§ **ABOUT THIS EXERCISE**: The answer is to be the lines below that lie between the line holding "The second method" and the line holding "Hello everyone, welcome", inclusive, transcribed exactly and free of pictures.
╭──
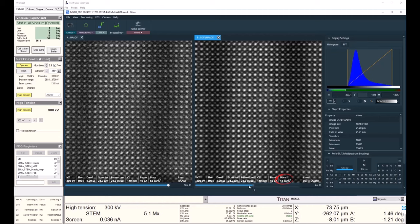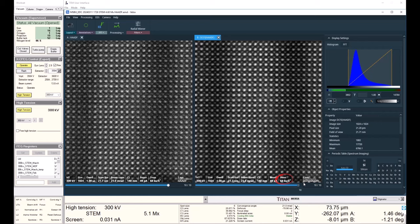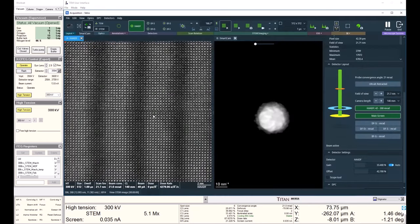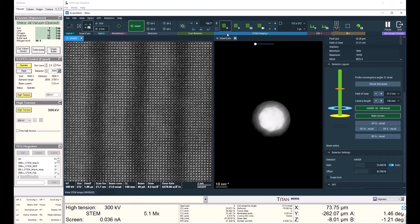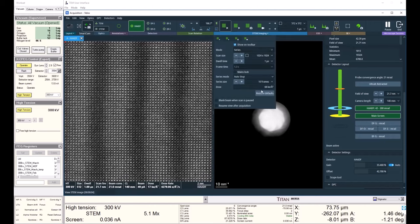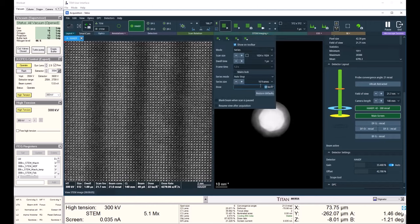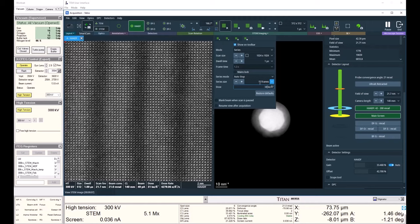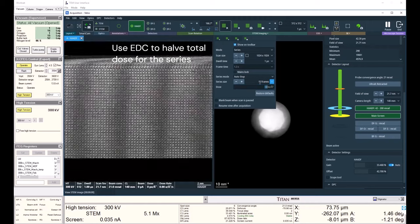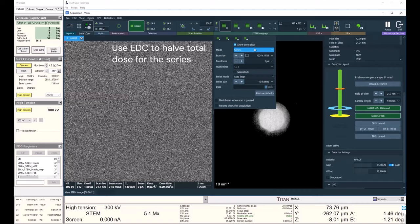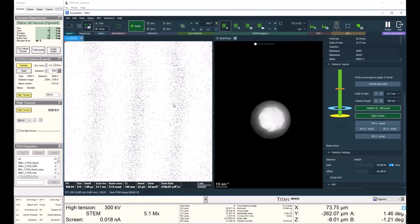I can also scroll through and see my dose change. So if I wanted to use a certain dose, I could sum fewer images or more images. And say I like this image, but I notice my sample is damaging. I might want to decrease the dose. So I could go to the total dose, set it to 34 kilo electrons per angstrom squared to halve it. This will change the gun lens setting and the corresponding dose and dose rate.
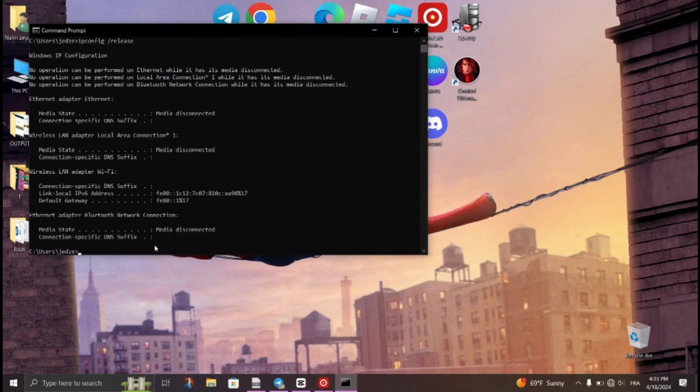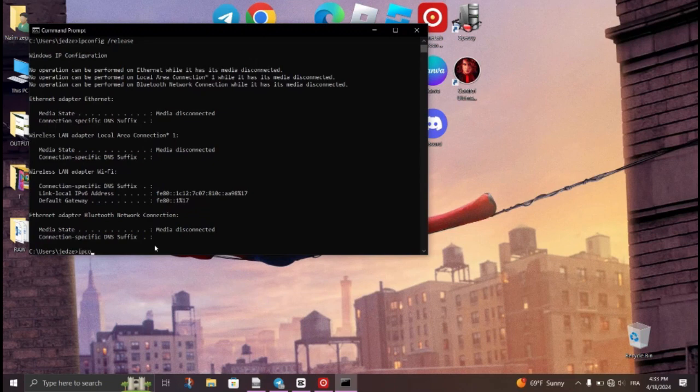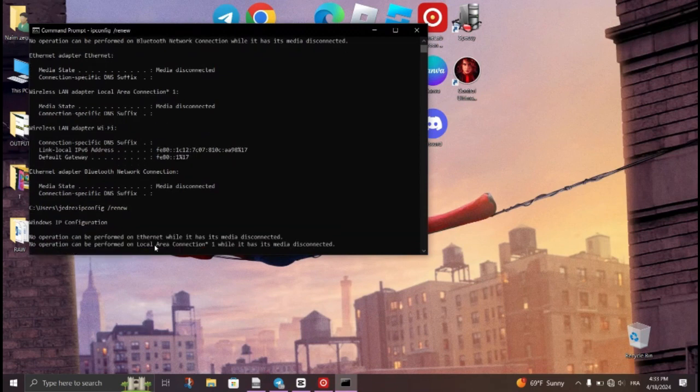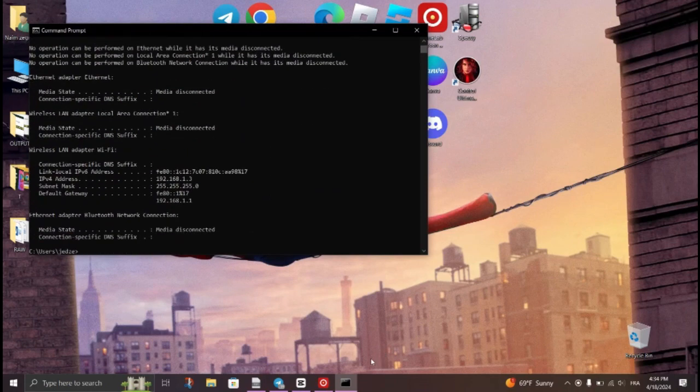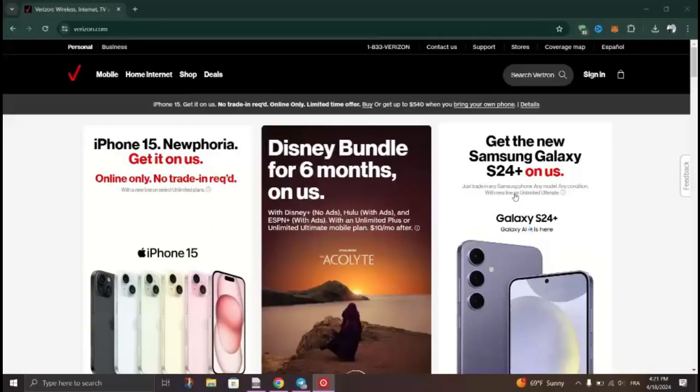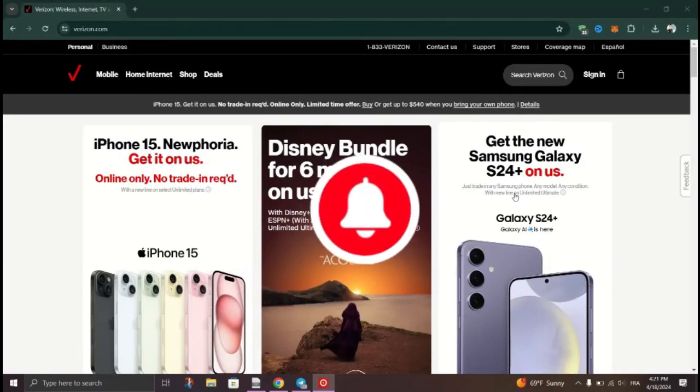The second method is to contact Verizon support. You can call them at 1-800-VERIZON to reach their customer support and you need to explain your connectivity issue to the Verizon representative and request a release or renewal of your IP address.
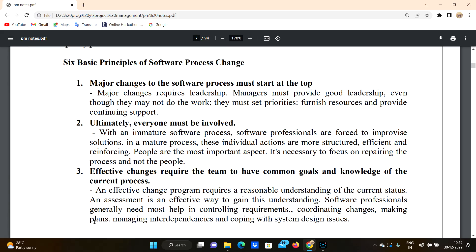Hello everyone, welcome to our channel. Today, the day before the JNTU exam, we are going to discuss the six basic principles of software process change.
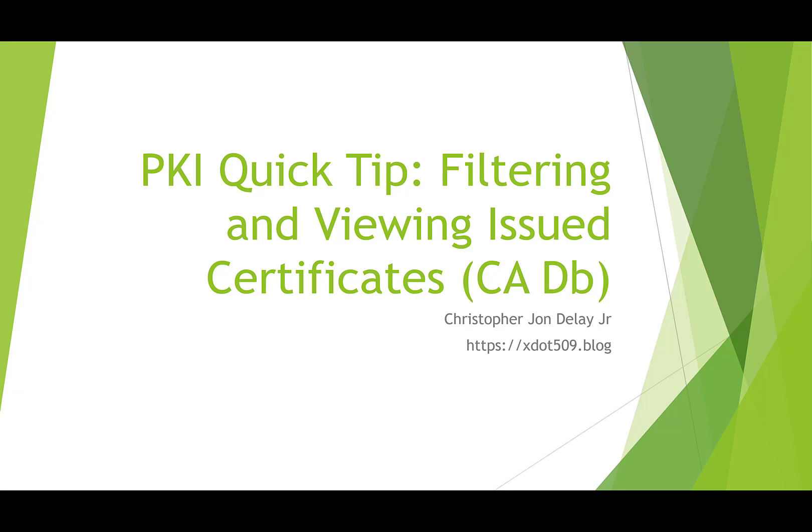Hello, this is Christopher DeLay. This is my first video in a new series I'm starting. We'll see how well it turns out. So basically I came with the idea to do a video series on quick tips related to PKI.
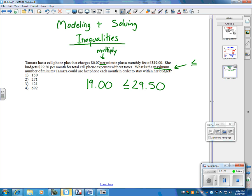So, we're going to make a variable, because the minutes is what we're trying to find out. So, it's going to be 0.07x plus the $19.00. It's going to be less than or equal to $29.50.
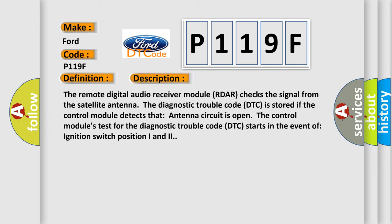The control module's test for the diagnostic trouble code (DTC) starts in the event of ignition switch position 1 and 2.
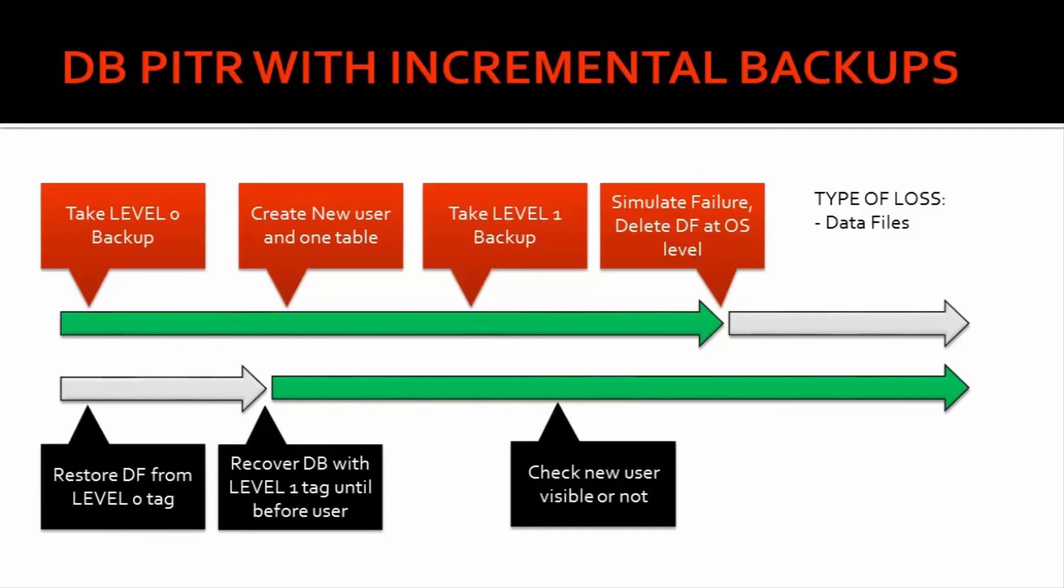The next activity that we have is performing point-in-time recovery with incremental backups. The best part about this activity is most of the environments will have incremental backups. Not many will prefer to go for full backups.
╰──
§ **ANSWER FOR THE TASK**:
The second method is to contact Verizon support. You can call them at 1-800-VERIZON to reach their customer support and you need to explain your connectivity issue to the Verizon representative and request a release or renewal of your IP address.
Hello everyone, welcome to our channel. Today, the day before the JNTU exam, we are going to discuss the six basic principles of software process change.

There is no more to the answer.